A Book Review
David Hendin’s Guide to Biblical Coins (6th ed.) is the latest expansion of a book first published in 1976 as Guide to Ancient Jewish Coins. It is a detailed numismatic reference work covering Judaean coins dating from the 4th century BC to the 2nd century AD. Changes warranting this new edition include the removal and addition of various coins along with updates to reflect scholarly advances in the field. The adjective “biblical” in the book’s title indicates that Hendin is concerned with coins from the time of the Bible: Old Testament, New Testament, and also the Apocrypha (1). And it has tremendous value for Bible students and numismatists alike. There is practical advice on legally collecting coins. There are enjoyable autobiographical accounts of the author’s coin collecting exploits. And there are helpful references to rabbinical literature that shed further light on these coins. Readers will also find explanations of how coins were produced, dated, and valued. The chapter titles provide an overview of the book’s scope. (I have included the subheadings for the chapter on NT coins since this was my primary interest in the book.)
Chapter 1: Biblical Coins
Chapter 2: Scale Weights to Coinage
Chapter 3: Persian Period: Philistia
Chapter 4: Persian Period: Samaria and Judah
Chapter 5: Ptolemaic and Seleucid Coins
Chapter 6: Hasmonean Dynasty
Chapter 7: Herodian Dynasty
Chapter 8: The Roman Governors of Judea
Chapter 9: The Jewish War
Chapter 10: Bar Kokhba Revolt
Chapter 11: Judea and Rome
Chapter 12: New Testament Coins
- Coins of Jesus and His World
- The Poor Widow’s Mites
- Sheqels of Tyre
- The 30 Pieces of Silver
- The Coin in the Fish’s Mouth
- The Tribute Penny
- The Travels of Paul of Tarsus
- Seven Churches of Asia Minor
Chapter 13: Related Issues
There is much in this book that will appeal to numismatists interested in the coins of the biblical world, particularly for those covering the Old Testament and intertestamental period. Hendin’s coverage is thorough, but his treatment of New Testament coins (Chapter 12) is slim and mixed. For the lepton, he devotes a disproportionate amount of attention to explaining the word choices of the King James Bible translators. At the same time, I did find this chapter helpful for its identification of the lepton as a prutah or half-prutah. But this book’s audience would be more likely to prefer some of Hendin’s more criticial work, such as found in his treatment of the “Sheqels of Tyre.” Categorizing these coins according to their KJV terminology is also confusing, as evidenced by “Farthing.” Under this heading the author briefly mentions the assarion and quadrans because both are translated with the same English word in the KJV.

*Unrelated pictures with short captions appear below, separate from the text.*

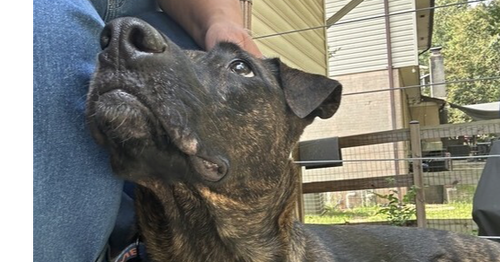 CHUCK - Terrier / Belgian Shepherd Malinois available for adoption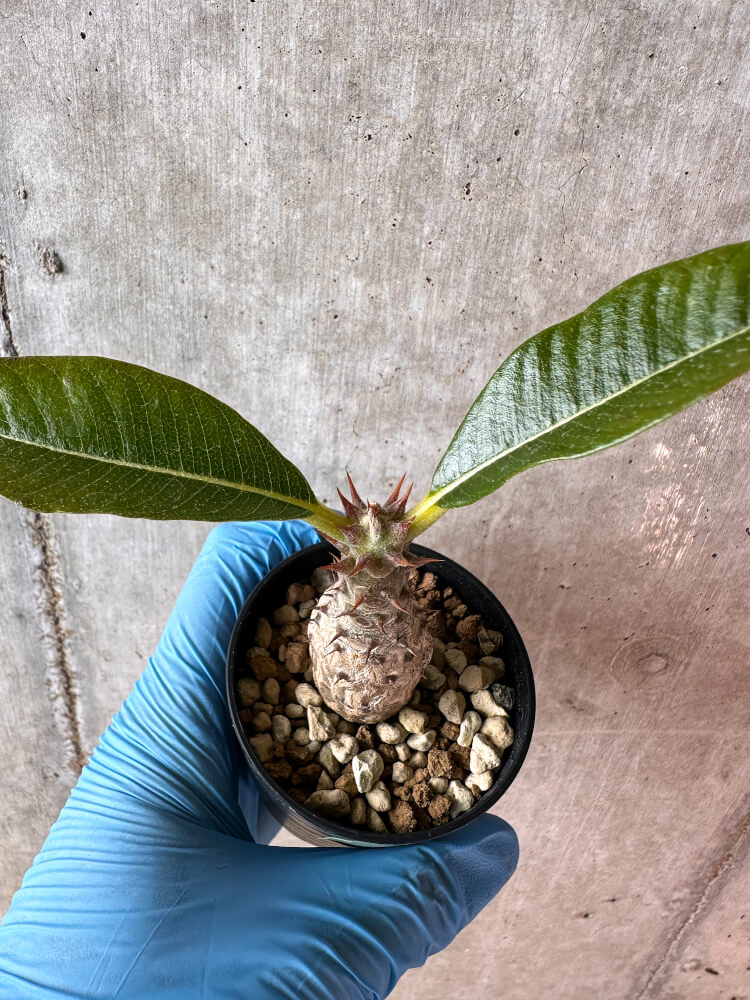 【現品限り】パキポディウム・ウィンゾリー 実生【A43】 Pachypodium windsorii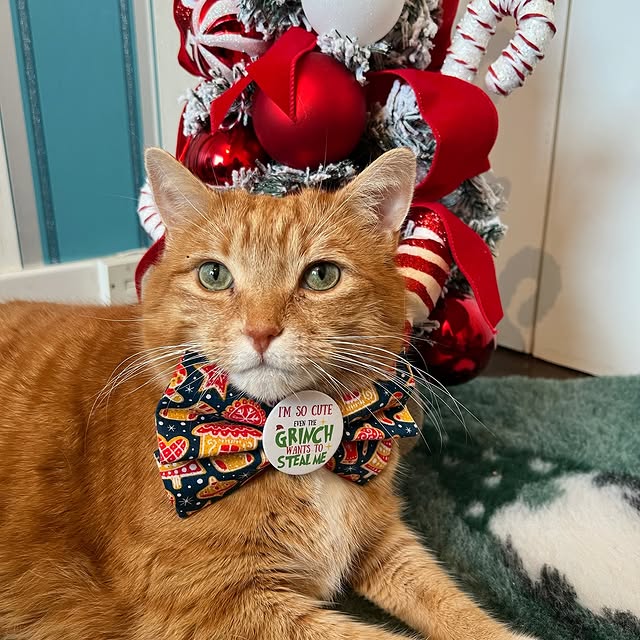 Post by a_ginger_cat_named_rascal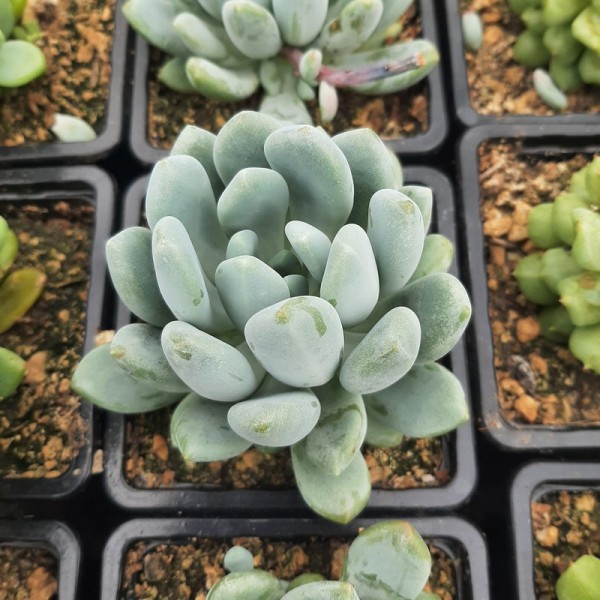 Pachyveria 'Clavifolia'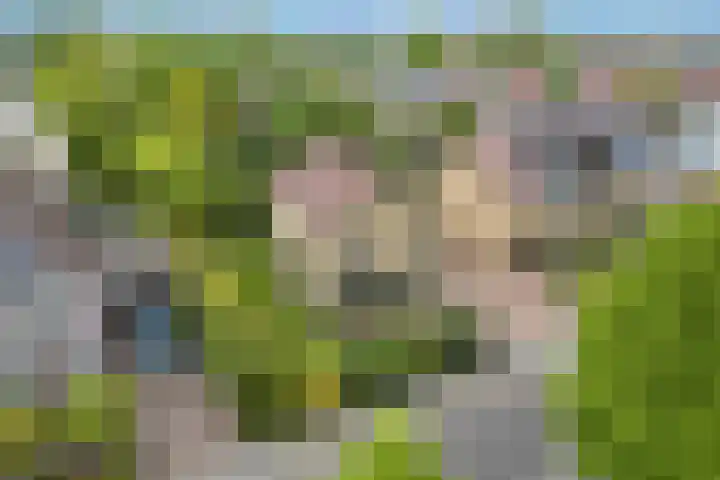 Tabaksweg 6 Elst Ut thumbnail 4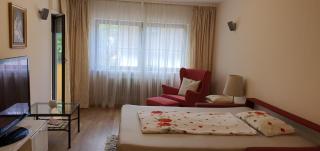 Colibri Apartment - Baden-Baden - 6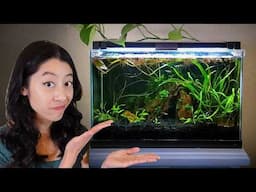 Why I Broke Down My 5-Gallon Planted Tank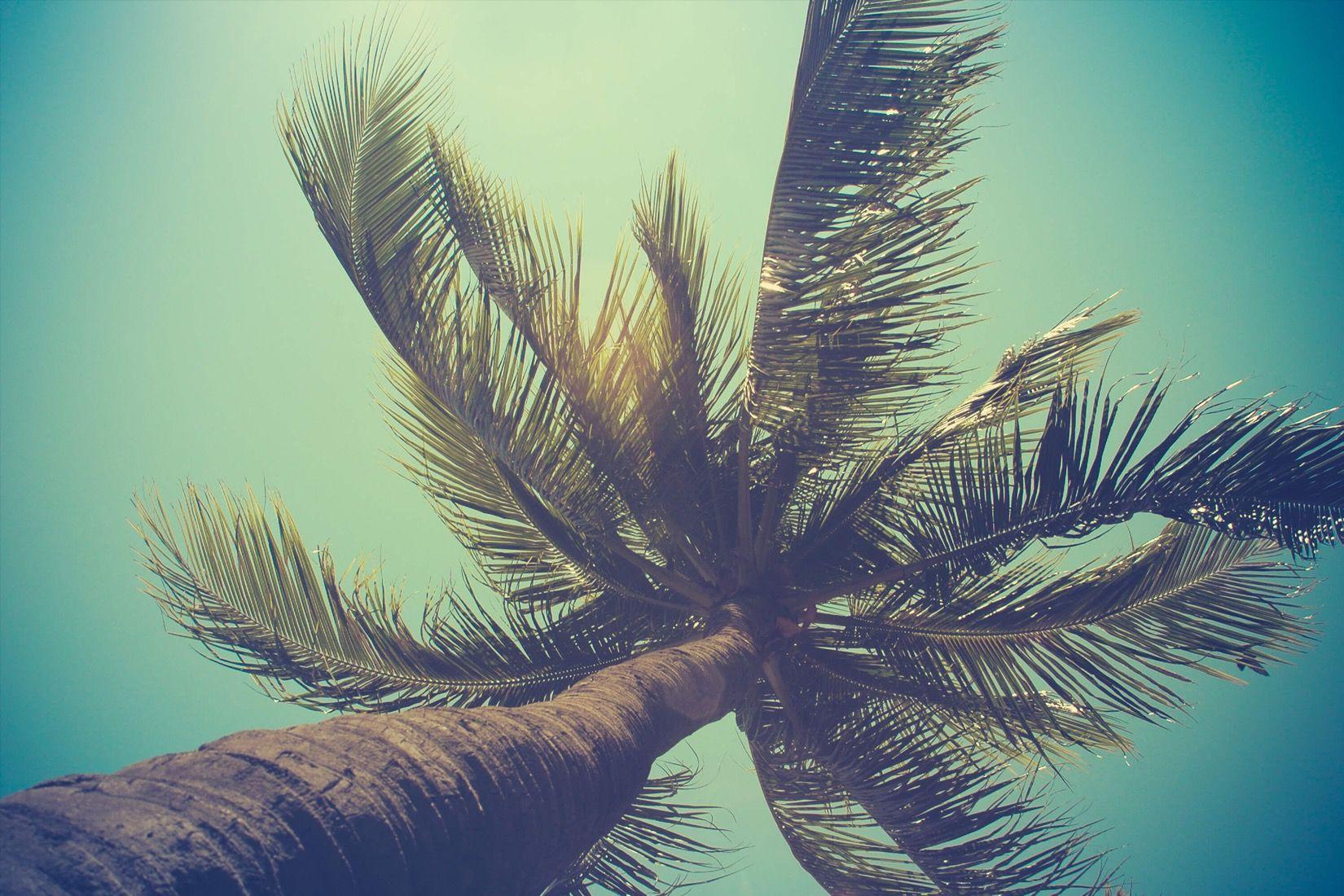 Palm Tree Backgrounds Wallpaper Cave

This book also includes 69 plates of coins featuring images of 681 coins. These can be cross-referenced with other editions than to a concordance also included at the end.
David Hendin is to be commended for years of interest and study in his subject matter. It is clear throughout the book, interspersed with many personal anecdotes, that he cares deeply about this discipline. Numismatists interested in the coins of Israel will find a rich source of information in this book. Bible students interested specifically in the coins in the Bible will also glean some useful data, but they will probably need to look to other resources for more information.
Special thanks to the American Numismatic Society for a free digital copy of this book. This did not affect my thoughts in any way so far as I know.